There is another whole body of darker Christmas films from the magnificent The Nightmare Before Christmas (1993) to the twistedness of Bad Santa (2003), the rampaging Santa monsters of Rare Exports (2010) and the Robot Santa Claus episodes of tv’s Futurama (1999-2003). That’s aside from a whole bunch of Christmas horror films about psychopathic Santas and killers stalking people at Christmas beginning with the All Through the House segment of Tales from the Crypt (1972) through the likes of Black Christmas/Silent Night, Evil Night (1974), Silent Night, Deadly Night (1984) and sequels, All Through the House (2015) to the more recent spate of Krampus films and a good many others. (For more detail see Christmas Films).

Chris Cringle (Mel Gibson) and wife Ruth (Marianne Jean-Baptiste) in Fatman (2020)
Chris Cringle (Mel Gibson) with wife Ruth (Marianne Jean-Baptiste) behind to the left

The whole premise of the kid hiring a hitman to kill Santa after receiving a lump of coal as a present has a darkly amusing appeal to it. The first major signal that Fatman is not going to be a family friendly Christmas film is the sight of Chance Hurstfield about to torture an abducted fellow schoolgirl (Ellison Butler) with bulldog clips attached to a twelve volt car battery – it is a threat that only exists in implication, nevertheless …. The film also comes with multiple scenes of Walton Goggins shooting people in his way and Santa and various others delivering the f bomb and assorted adult language. Not to mention scenes with Mel Gibson’s Santa recovering from bullet wounds after being shot at by children with a rifle.
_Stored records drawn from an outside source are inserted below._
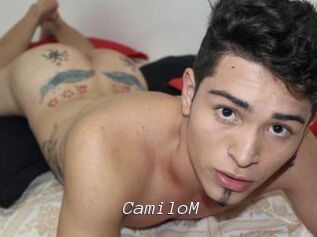 CamiloM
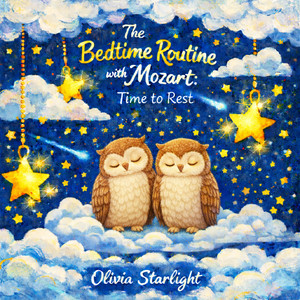 Eine Kleine Nachtmusik - Romanze Andante by Olivia Starlight
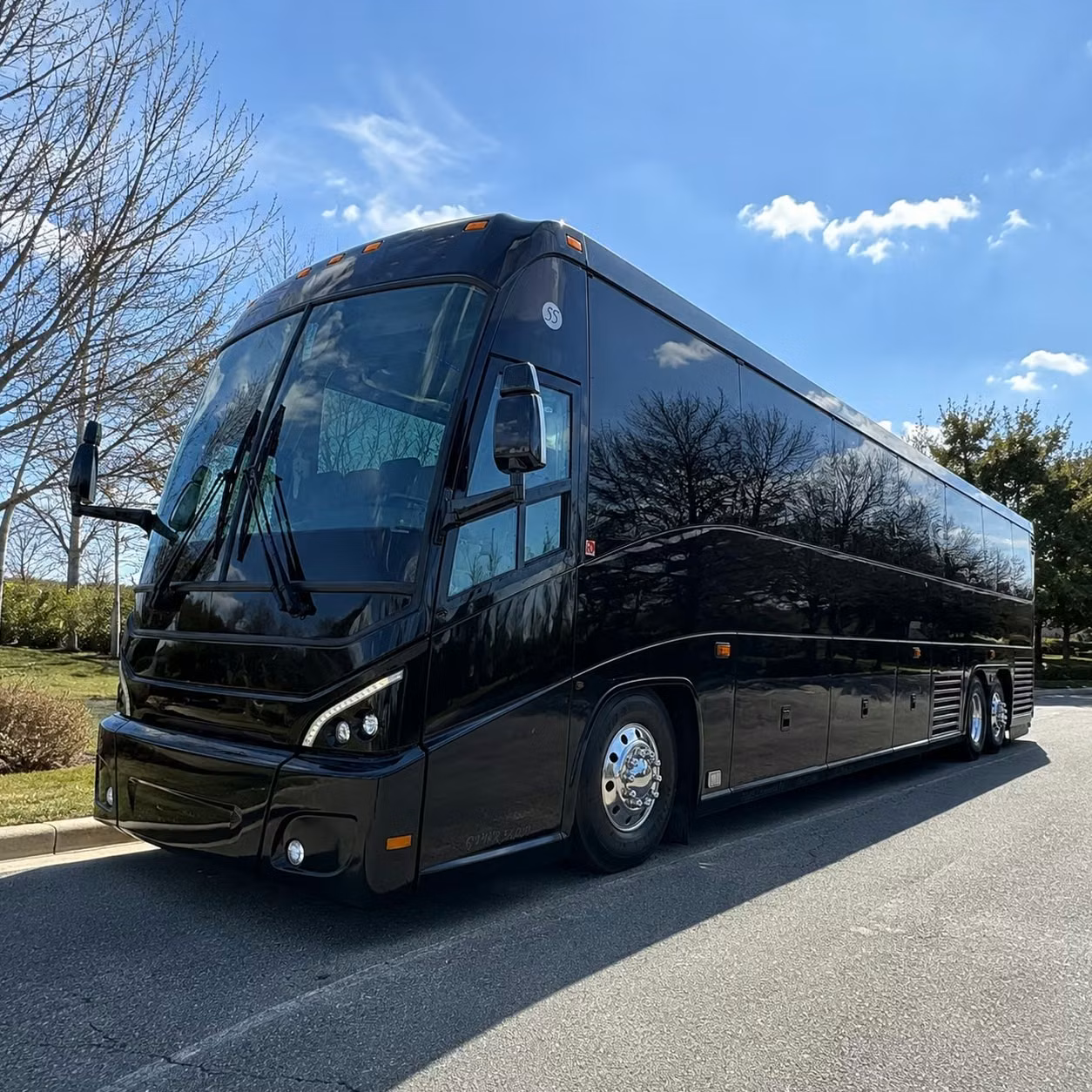 government military transportation services in mckinney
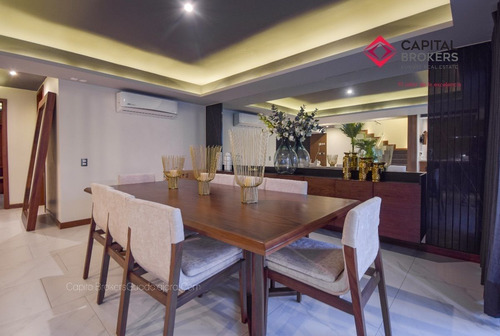 Casa De Lujo En Venta Rinconada Del Bosque Cerca De Andares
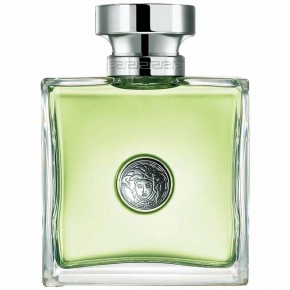   Versace Versense lady 100 ml Green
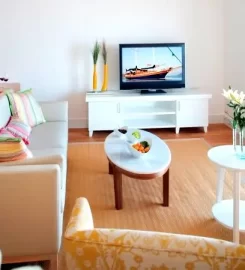 Doria Hotel Bodrum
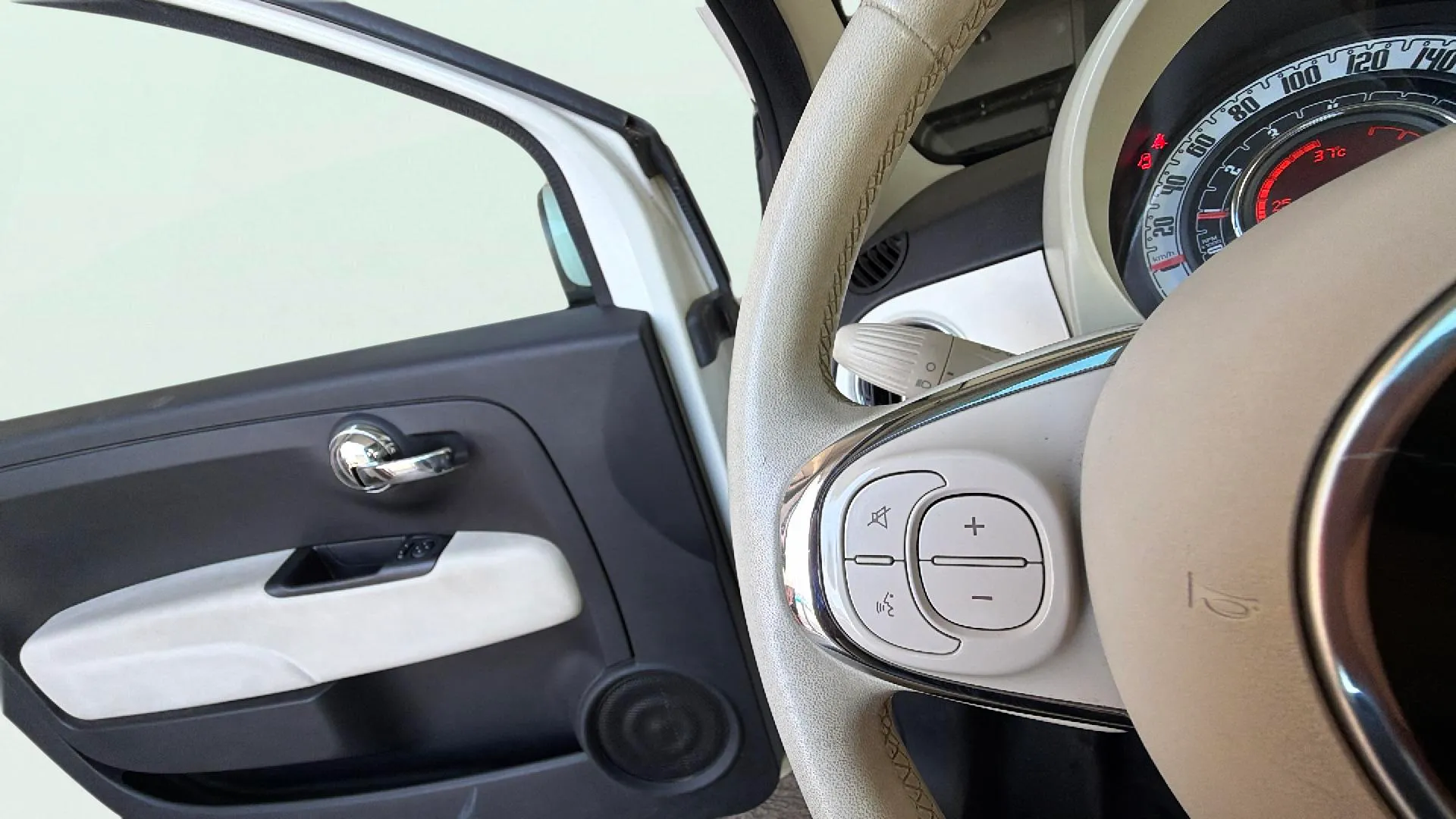Fiat 500 Dolcevita 1.0 Hybrid - foto 17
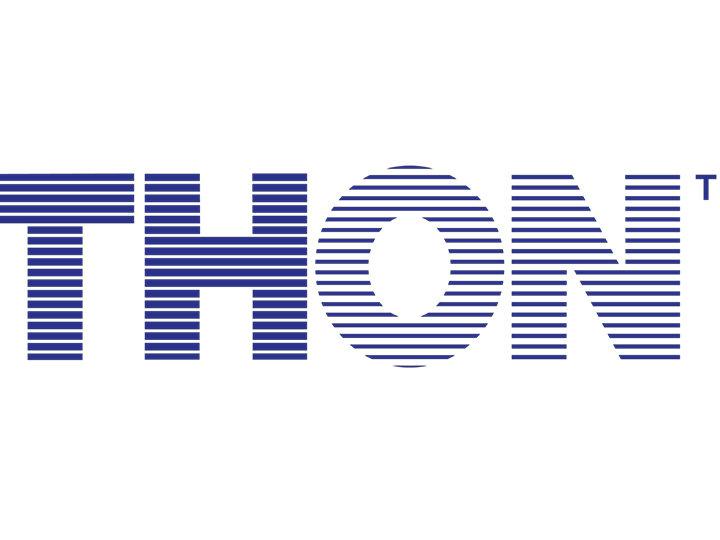 THON logo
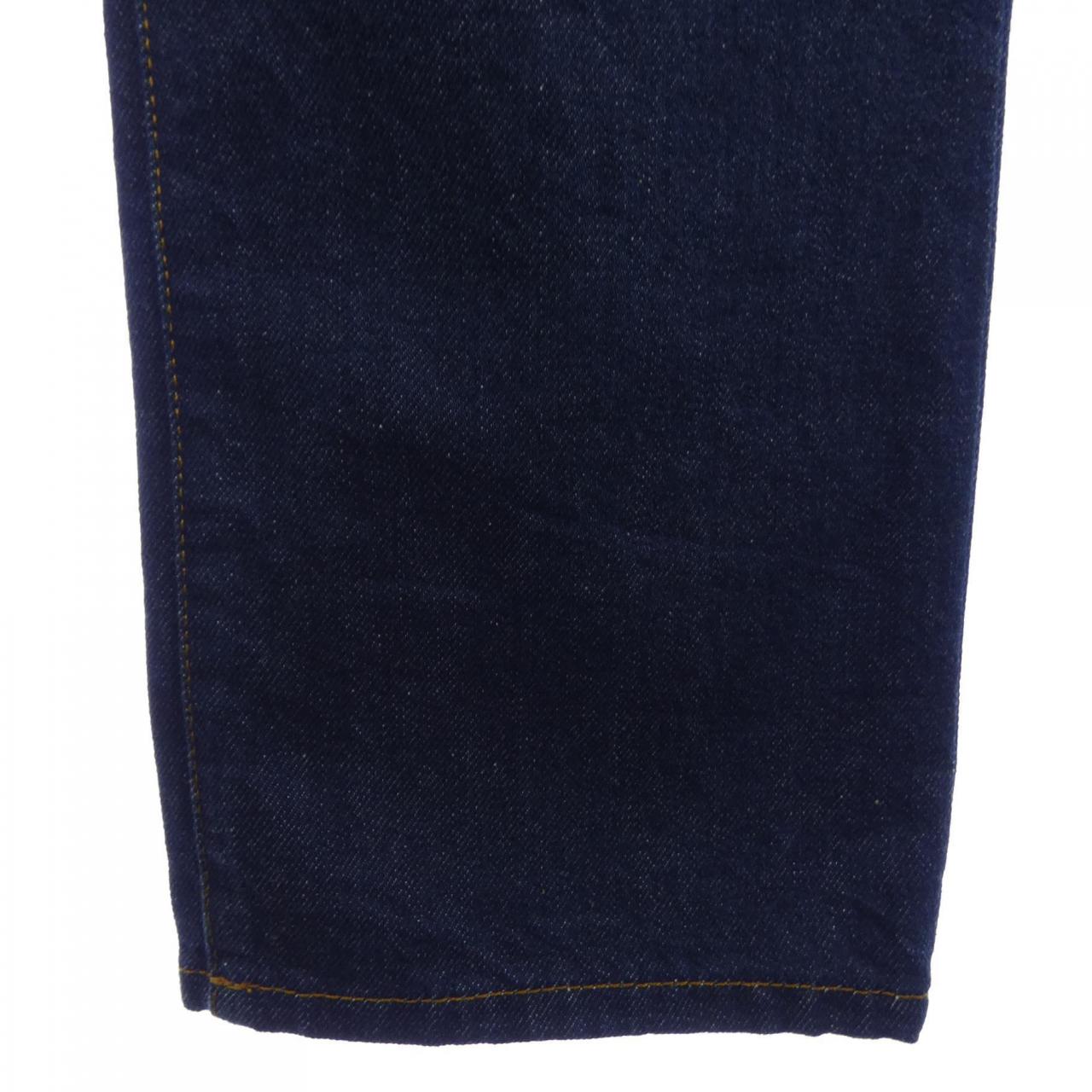 グッチ GUCCI 774080 XDCUY ジーンズ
There is a rather amusing idea at the heart of Fatman – the idea of Santa being forced to deal with today’s economic market forces including cutbacks in government subsidies and competition in toy production from international outsourcing. The solution would seem to be him turning the elf workforce to accepting a military contract. This results in some rather hilarious scenes with the military moving in and upgrading the security of the elf factory, including lining the elves’ up to snip the bells off their shoes so as not to trigger sensors. And particularly of a scene where the military commander (Robert Bockstael) tries to suggest the elves eat a more healthy, less sugary diet.

Mel Gibson, who seems to have gotten a whole lot older since one saw him anything, plays a grumpy cantankerous Santa which if gossip sites are to be believed is essentially Mel cast as himself. Walton Goggins has been playing roles as killers and thugs since the 1990s and gets a rare leading part here, which he launches into with a perfectly honed ruthlessness. As also does young Chance Hurstfield cast as the kind of preppy entitled kid you love to hate.